I cannot believe it is 2009. I’ve made it to about 1978 on my own personal to-do list. I’m running just a little bit behind.

Time comes at you like a freight train, but it is bad form not to smile and wave as it screeches by. So here’s to 2009, which I am told is the number of the current year.

Some pundits now suggest it was obvious that 2008 would collapse suddenly into 2009. 2008 was not sustainable, they say. It was a bubble, and as a matter of simple arithmetic, 2009 was sure to follow. It was inevitable, they say, like a Kondratieff winter.

Readers of Interfluidity are not so gullible as to fall for that kind of rear-view forecasting. It was always improbable that 2009 would attach itself to any year present or past. After all, 1984 is eternally the number of a dystopian future, and logically the present can be no later than the future. We have not found babies on Jupiter, an event that would be past in any year subsequent to 2001. Sure, strictly speaking, this kind of reasoning should have ruled out 2008 too. But what are the odds that a rent in the fabric of Keynes-Einstein space-time would endure for half a femtosecond, let alone for a whole ‘nother year? No. The smart money expected a correction back to 1931, or 1974, or 1982. 2009 wasn’t even in the running. But here we are. Anybody got a road map?
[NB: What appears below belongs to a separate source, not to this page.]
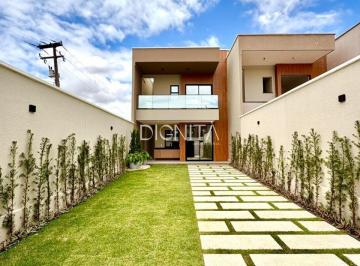 Casa · 132m² · 4 Quartos · 3 Vagas · Casa à venda no bairro Urucunema - Eusébio/CE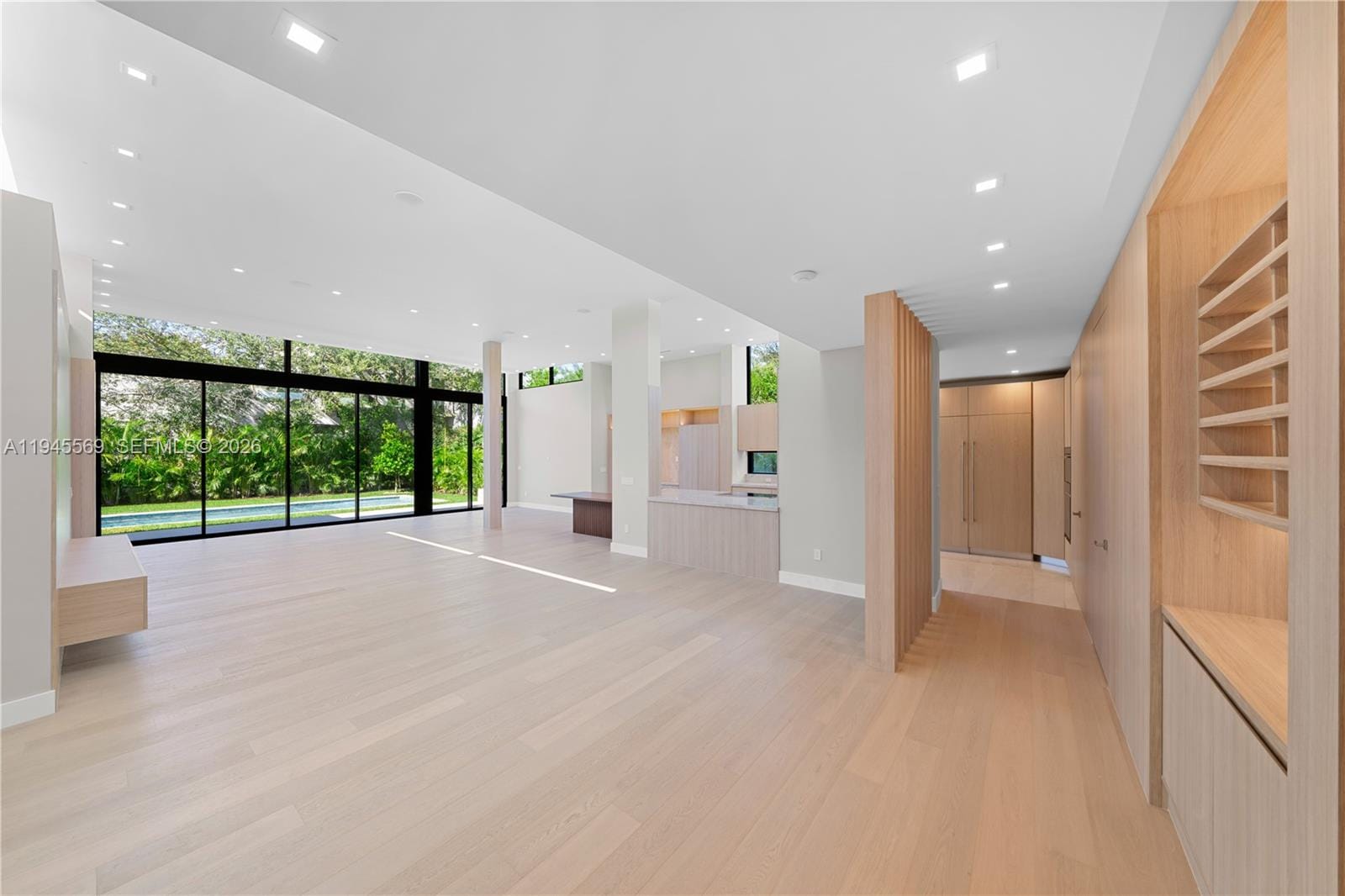 11636 NE 7th Avenue — photo 3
Who knows. Maybe this peculiar dimension will turn out not to be so bad. Here’s hoping. May it be all sparkly and strange for you. Perhaps we will encounter a benevolent and impossibly advanced alien race, and then discover at the last moment that the comm-screen through which we speak with them is actually a mirror.


I want to take a moment to thank Interfluidity‘s commenters, who continually amaze me. This is one of those websites where the quality of comments almost always exceeds that of the headline posts. I’m off in some sunny place right now. I just had a read of the comments attached to my previous, kind of crappy post. Wow. Amazing. Thank you.